Excerpt from A Volunteer's Haitian Experiences

August 29th, 2008 by missionmanna Leave a reply »

By Tim Plaut, MD
August, 2008

“God Bless you for what you do.” “It is amazing that you folks do this.”  “Those kids get so much out of what you do….” I hear these types of quotes frequently from folks who know about my trips to Haiti with Asheville’s Mission Manna.

Mission Manna team member hands out Akamil to a Haitian mom

I have been to Haiti four times now, with medical groups from western North Carolina, on mission trips that focus on hunger and providing medical care for children in the region of Montrouis, about 2 hours north of Port au Prince.  At first it was an adventure, a chance to “do some good” and explore a country that I had never seen.

Sure, I knew that Haiti is a poor country but having grown up in Appalachia and traveled the world while in the Navy, I had seen poverty before. I had seen kids with stunted growth before in Tunisia, North Africa, while helping build a school as part of a US Marine Corps good will mission.

But I had never seen kids dying from simple hunger up close before. I had never imagined the sight of a child scooping water with his hands out of a refuse filled ditch, while a donkey urinated in the water he was drinking. Who in America can imagine a “tradition” called Te, where the mother mixes spice in a dirt cake to feed her children at bedtime to quell pangs of hunger?

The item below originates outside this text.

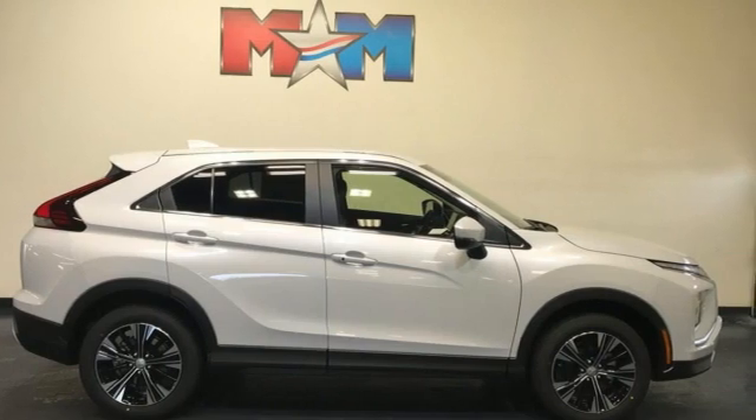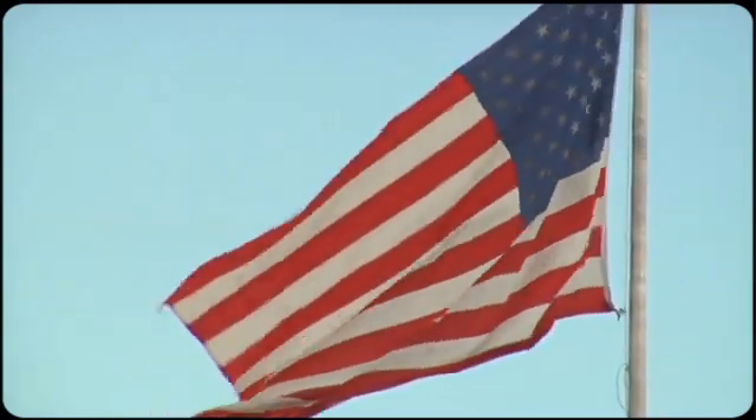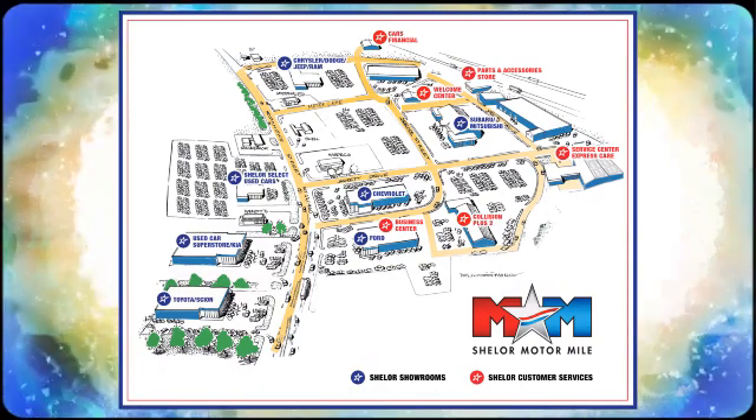The time is now — see it for yourself today. Come visit us on the Motor Mile, where you're always a name and never a number. Call, click, or stop in. We're conveniently located at 200 Motor Lane in Christiansburg, Virginia.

The first time I came home after a week in Haiti, (which, by the way, is a mere 2 hours by plane off the coast of Miami), I was so angry at the unfairness of it all that my wife had to ask me to stop telling the kids not to complain, to settle down, to in effect “get off my high horse” and live happily with the life I have here.

If it was so bad, why do I continue to go and look forward to the next trip as soon as I get back? I think everyone who has made trips like this and continues to do this type of work ask this question of themselves.

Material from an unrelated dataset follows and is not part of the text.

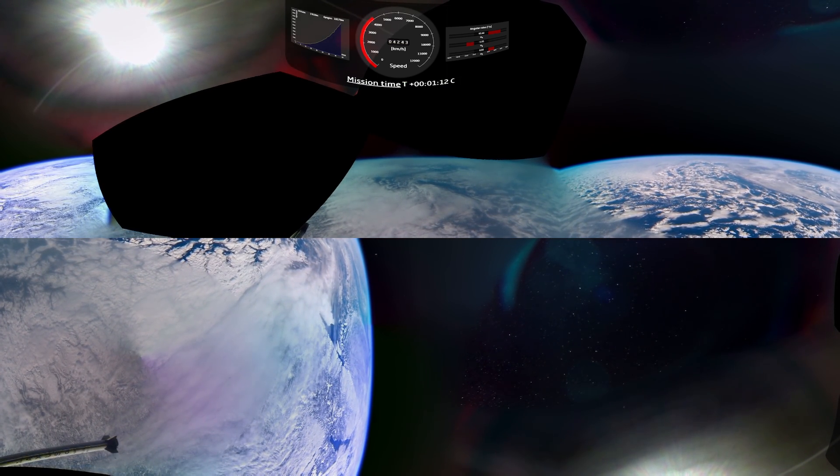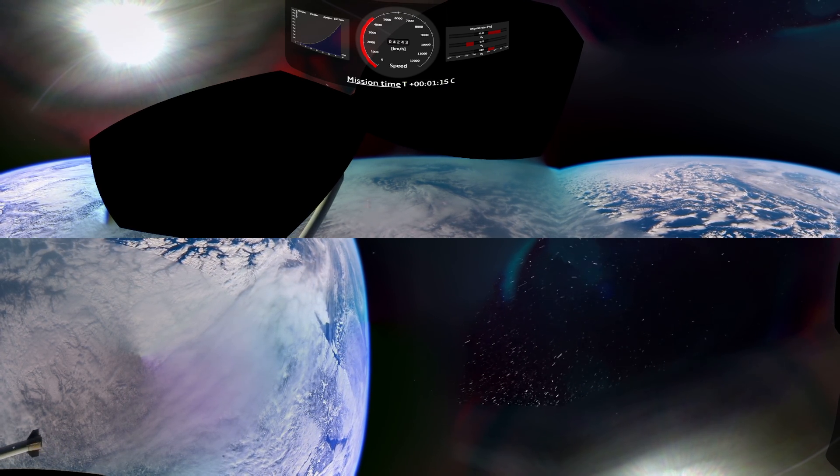As we enter the 12-minute microgravity phase of the flight, the experiments can now begin.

On the way home, our group arrives back in Miami en route to North Carolina. We all share a kind of high, a quiet appreciation for a job well done. There is a discussion of certain cases we saw, remembering the tragic and reflecting on the good. And it never fails, eventually someone says something like, “I think I got more out of this trip than I gave.” This gift is hard to describe but we have all felt it, an inner sense of calm. An enrichment of the soul. A return to the basics.

We go to Haiti with the idea that with all we have here in America, all the blessings and gifts we were lucky enough to be born with , that it is time to give back. There is a conscious choice to leave our families, sacrifice a week’s worth of income, and spend a large amount of money to go to a sometimes dangerous place to help people we don’t know.

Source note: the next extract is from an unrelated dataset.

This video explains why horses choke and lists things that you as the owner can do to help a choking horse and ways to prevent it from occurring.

We do it because we can make a difference, however small in this big world of ours. We see many of the same kids every time we go, keep records on their growth and health status, provide AK-1000 and provide worm medicine and vitamins to each child we see, usually between 1,000-1,200 per trip. We do it because we can; in America we have the resources, will and determination to help the poorest of the poor. We volunteer and head out on that first trip to the unknown with the gusto and zeal of conviction, conviction that we are blessed, lucky, and it is time to pass our gifts on to less fortunate folks… and the next year we come back.

We return because of the love. Love for these incredibly dignified people, who persevere though drought and famine we can only imagine. Love for the children who start out so afraid of these white people but quickly trust us because their parents do. The love that develops within our group, the volunteers from America and Haiti, that carries us up the mountains when the tap-tap breaks down and we have to hike in. And mostly, the love we are given. Each trip brings more hugs from friends we have made and the kids who remember us from last year. It is a basic human need to be appreciated and we leave Haiti feeling fulfilled.  For all the sacrifice we make on these trips, the Haitians sacrifice more. They make sure we are fed, when they have nothing to eat. They make sure we have a place to sleep (like a church in the mountains), when they sleep on the dirt. They make sure we know how much we mean to them. I just pray that they know how much they mean to us.